Streit and other volunteers provided medical support for victims of the earthquake’s destruction.

Craig said over 100 of 500 volunteers were Notre Dame alumni from the medical profession. These volunteers saw over 30,000 patients, performed 700 surgeries and delivered 250 babies during the six months following the earthquake, she said.

The volunteers faced basic challenges such as the lack of shelter, transportation, water and food. Medical supplies and support were also scarce, Craig said.

“We also are addressing some of the needs for rebuilding, specifically in Léogâne where we are headquartered,” Craig said. “Our building there is our home base and where we concentrate most of our efforts.”

According to the program’s summer 2010 newsletter, the earthquake did not alter the program’s mission.

“In truth, The Notre Dame Haiti Program’s mission in Haiti has never changed. For 17 years, the program has aided and fought for Haiti by researching elimination methods for lymphatic filariasis (LF) and neglected tropical diseases (NTD),” the newsletter stated, “But since the beginning, the overarching goal has been improving the lives of the people of Haiti, and in that respect, the last six months have been no different.”

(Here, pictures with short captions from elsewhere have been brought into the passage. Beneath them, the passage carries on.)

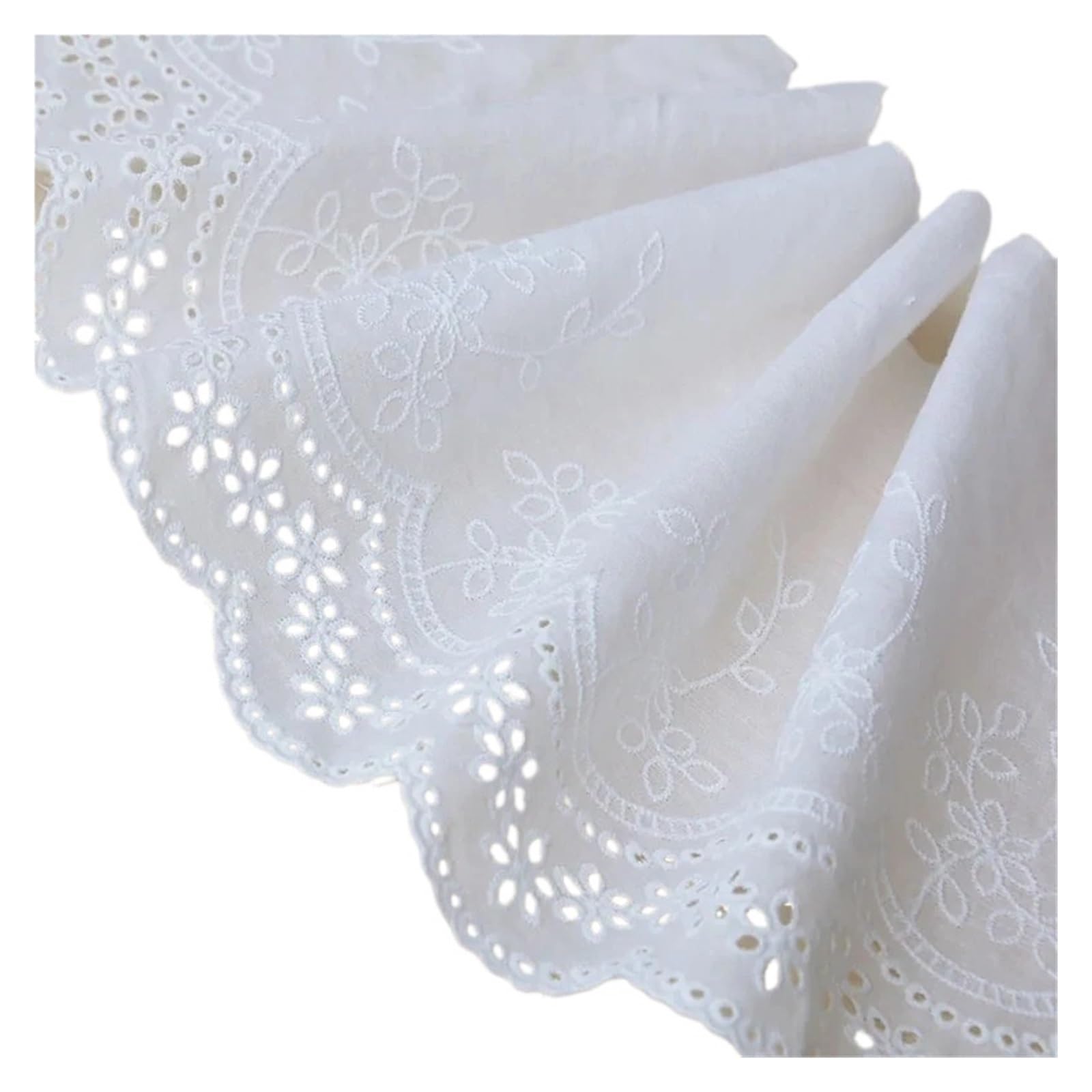 Cinta de Encaje 19,5 cm algodón puro 1 yarda encaje de blanco material ancho a mano cortina tela accesorios DIY para Decoración de Bodas(9.8-10yards)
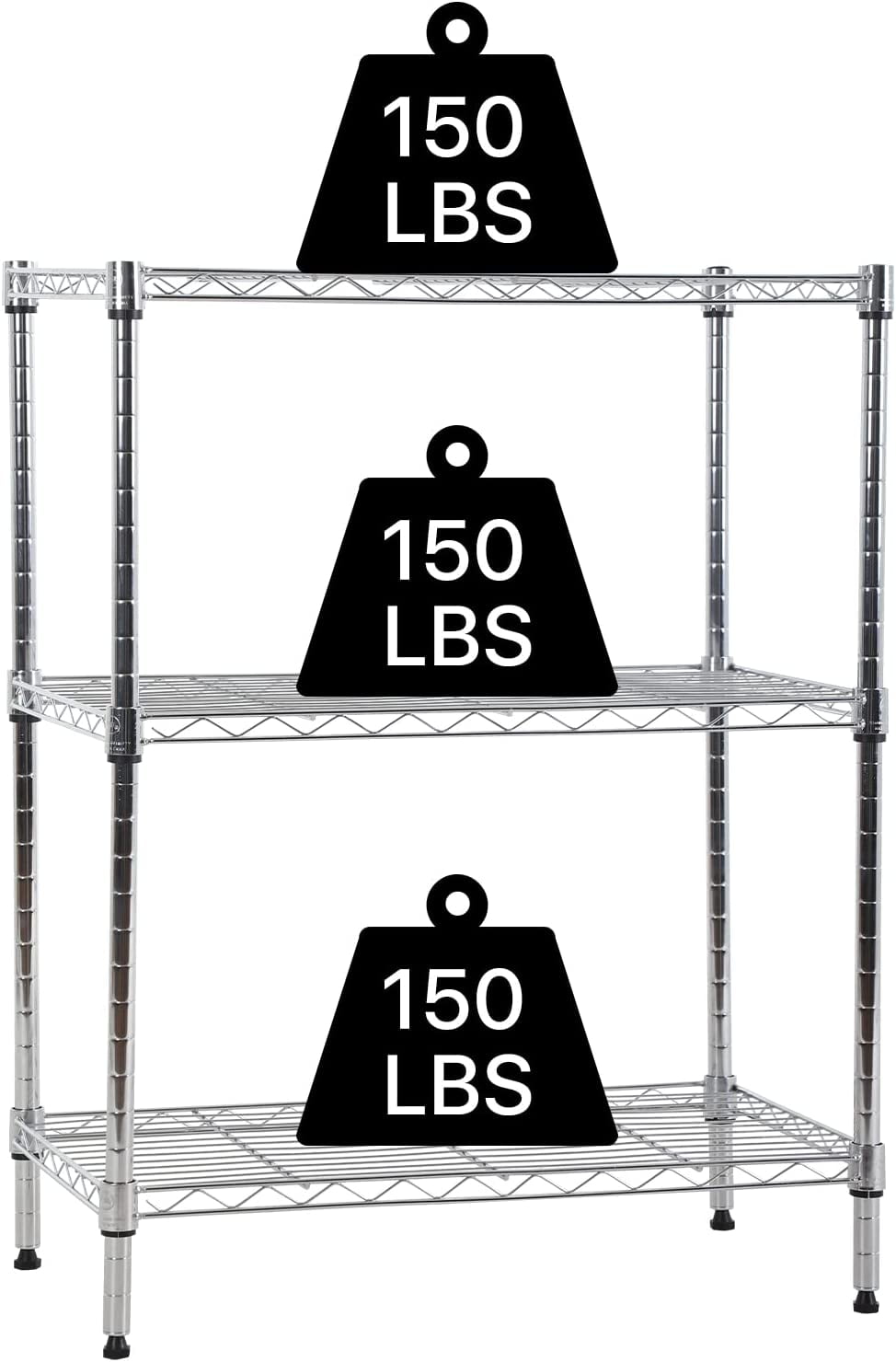 NiamVelo 3 Tier Metal Wire Shelving Storage Rack Steel, 450lbs ...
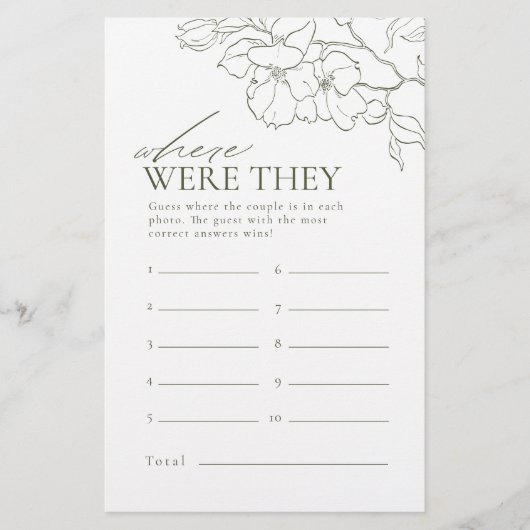 緑のフローラどこ彼らはブライダルシャワーゲーム (正面)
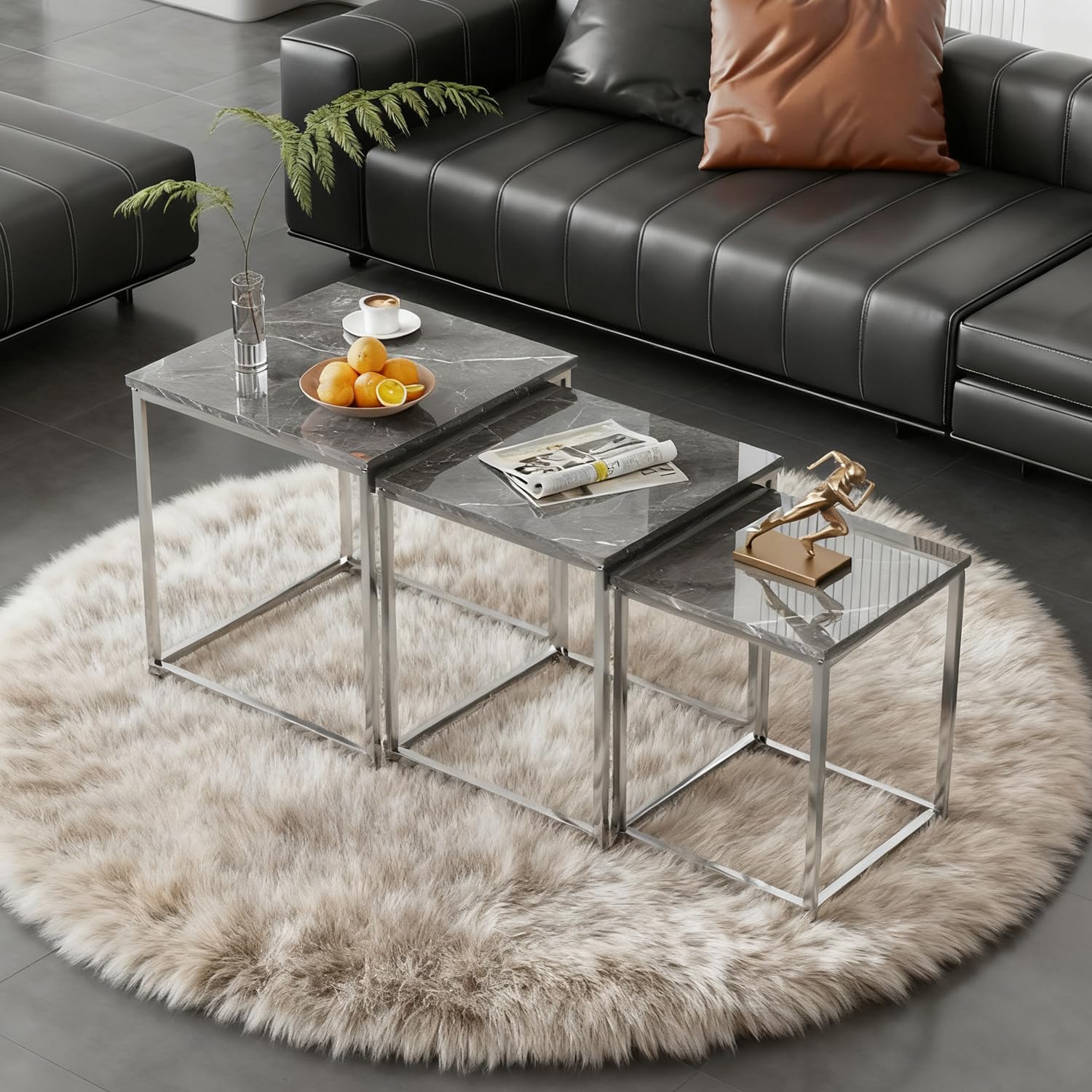 Quadratische Beistelltische 3er Set, Satztische fürs Wohnzimmer Couchtisch Wohnzimmertisch Set, Hochglanz Optik, Verchromtes Metallgestell, Stapelbar (Beton Grau)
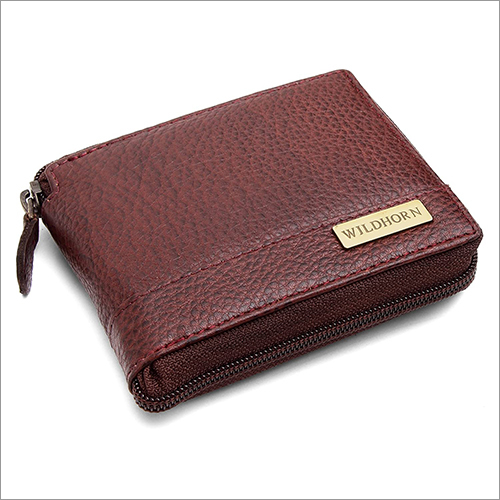 Leather Wallet with Zipper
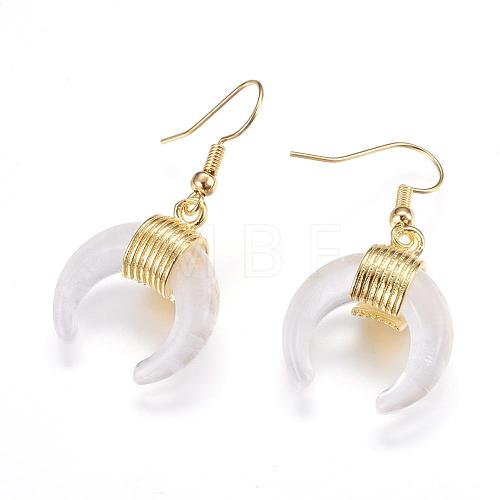Natural Crystal Dangle Earrings EJEW-L189-C08-G-1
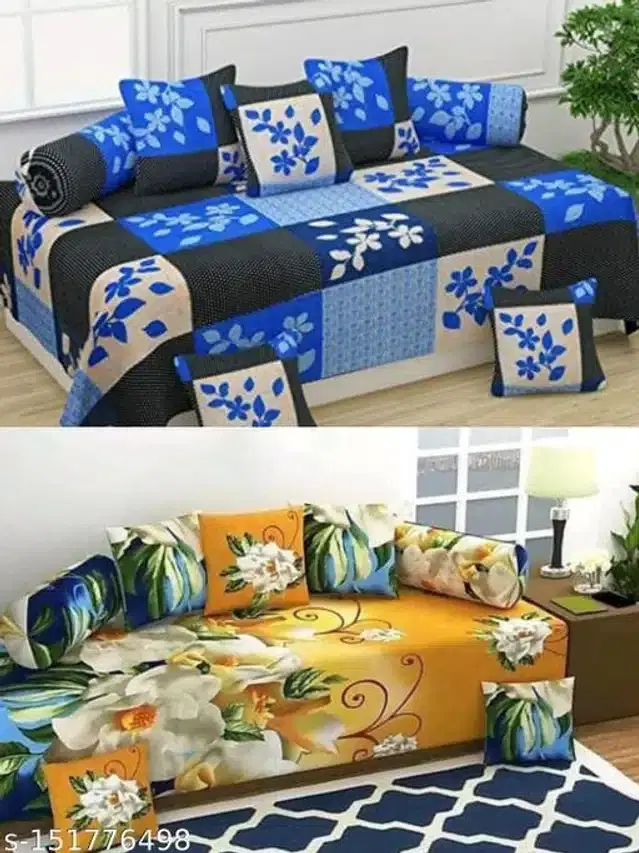 Polycotton Diwan Cover Set, Multicolor, Combo of 2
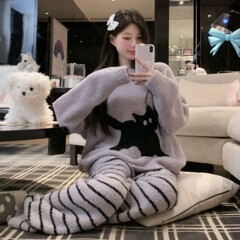 新款卡通黑猫条纹半边绒睡衣女秋冬季软绵绵加厚珊瑚绒家居服套装
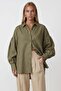 Khaki Balloon Sleeve Oversize Linen Shirt with Wide Cuffs Alc-X15426 - 2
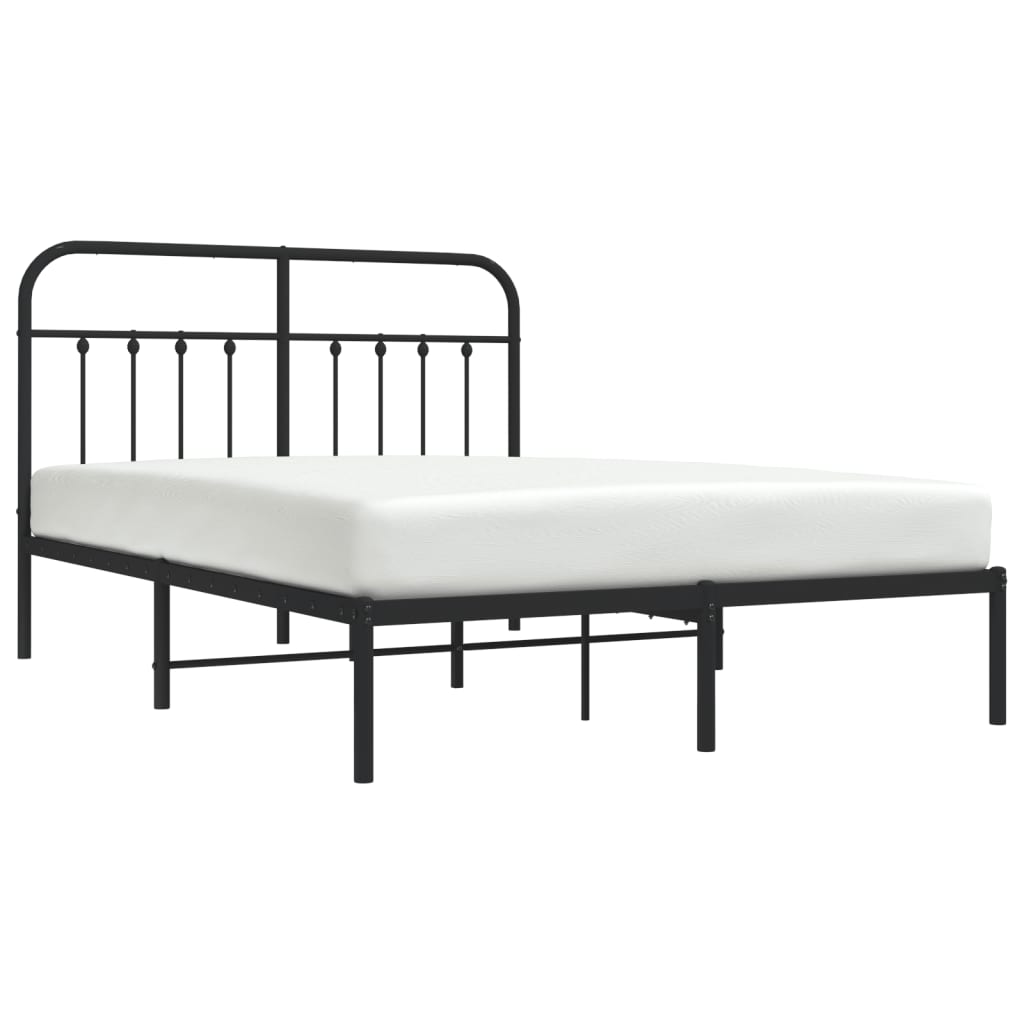 sengeramme med sengegavl 140x200 cm metal sort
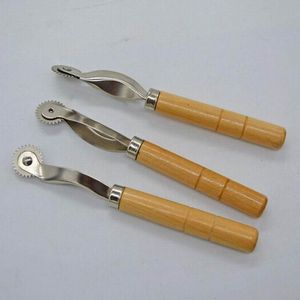 Kit de herramientas de mano con mango de madera, práctico marcador de puntada a medida, trazador de patrón dentado, rueda de rastreo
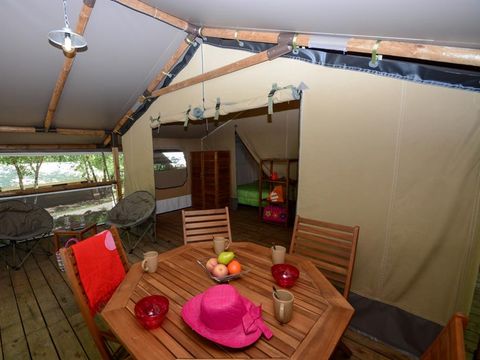 Tente en toile et en bois 5 personnes - SAFARI LODGE sans sanitaires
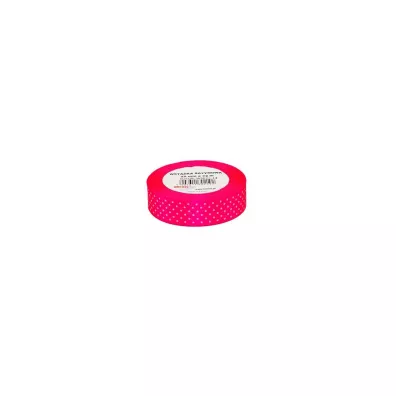 Wst��ka satynowa w kropki r�owa 25mm x 22m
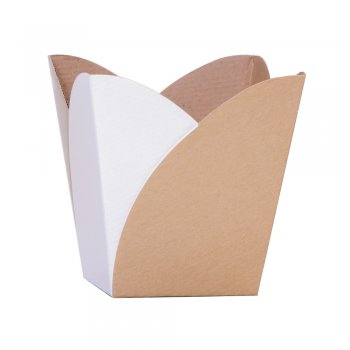 CACHEPOT PAPER DUO BICOLOR Pote 15 (16cm x 17cm x 11cm) Pacote 10 Peças KRAFT / BRANCO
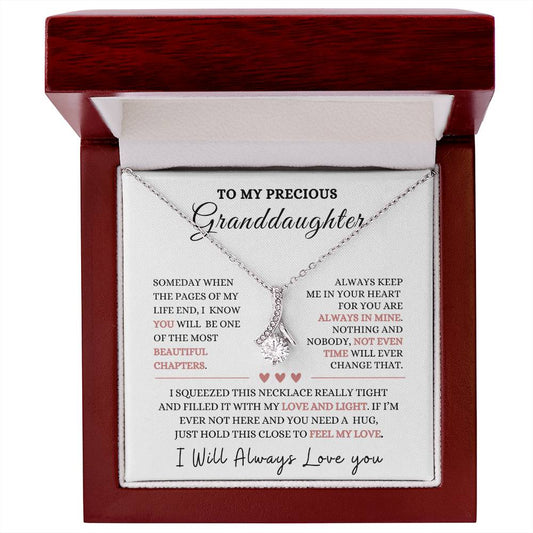 To My Precious Granddaughter Alluring Beauty Necklace-Christmas gift, Graduation Gift, Baby Shower, Birthday gift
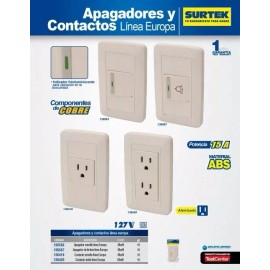 Surtek Contacto Aterrizado Línea Europa 15a 127v Surtek 136419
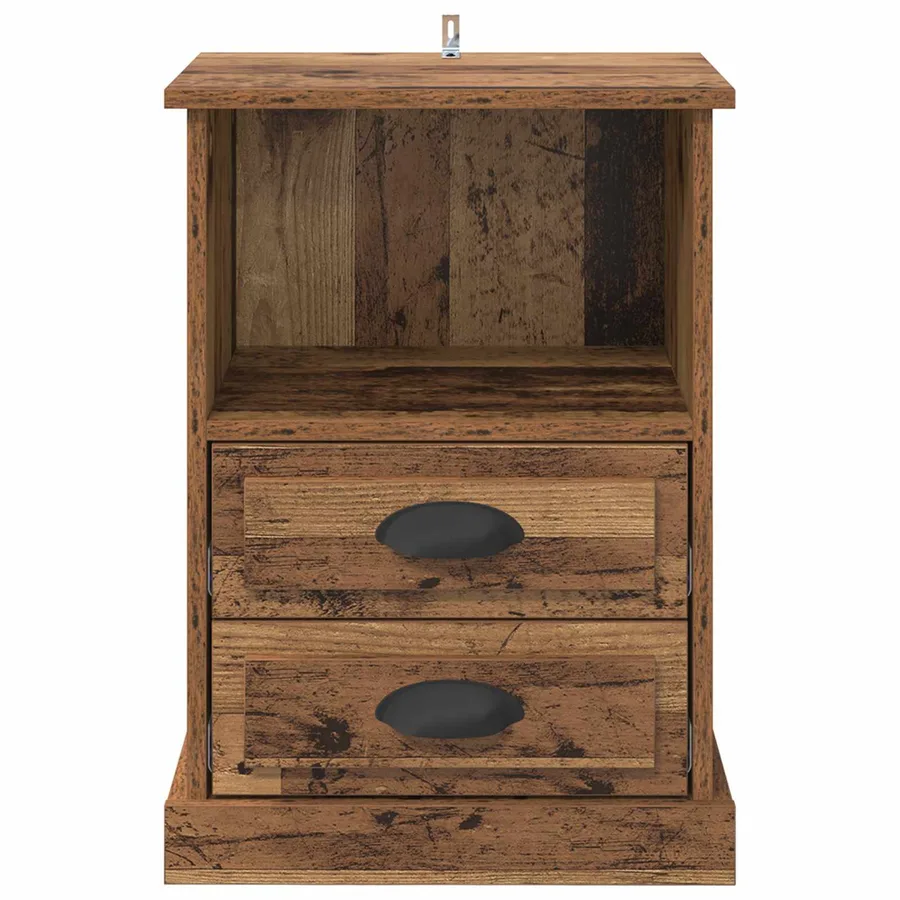 Cabinet de chevet avec tiroir 2 pcs Bois ancien 36 x 43 x 60 cm - 7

Following the earthquake, a cholera outbreak disrupted the program’s work with lymphatic filariasis and other diseases.

“Almost worse than the earthquake was the cholera outbreak in the fall,” Craig said.

The Haiti Program will resume its disease elimination programs beginning Monday.

As the program turns back to treat disease elimination, rebuilding was still an agenda for Notre Dame volunteers.

“Disease elimination is our forte and what we are in Haiti to do,” Craig said. “But we still will work on rebuilding because we are morally and ethically responsible to do so.”

The Haiti Program headquarters in Léogâne and the program’s three other facilities in the country remained standing in the middle of rubble after the earthquake. The buildings were among the few with running water and electricity.

Student groups such as ND Fighting NTDs and the Haiti Working Group were also among the organizations that reached out to victims in Haiti. These groups used the crisis in Haiti to highlight the need for public health initiatives.

ND Fighting NTDs president Emily Conron said she hopes the club will send students to Haiti someday to witness its public health initiatives firsthand.

“We use Haiti as an example of how focusing on neglected tropical diseases can help the community,” Conron said. “By focusing on public health the economic and social and even emotional repercussions [of these initiatives are] very clear.”

The Haiti Program is an example of how public health programs can encourage hope for a better future, Conron said.

In a summer 2010 thank-you letter to all Haiti Program volunteers, Streit explained the involvement of the Notre Dame community in Haiti.

“A network of ND-connected health professionals is continuing to save lives,” the letter stated. “ND engineers have already helped determine the viability of important structural assets in several communities, while ND architects are part of a massive 11 school building project in Léogâne. Many alumni are working in response teams addressing nutrition, relief logistics and development planning.

“Haiti requires the kind of support that is both immediate and enduring as well as a profound commitment to the idea that if we are part of the Body of Christ together, we are all at this moment Haitians.”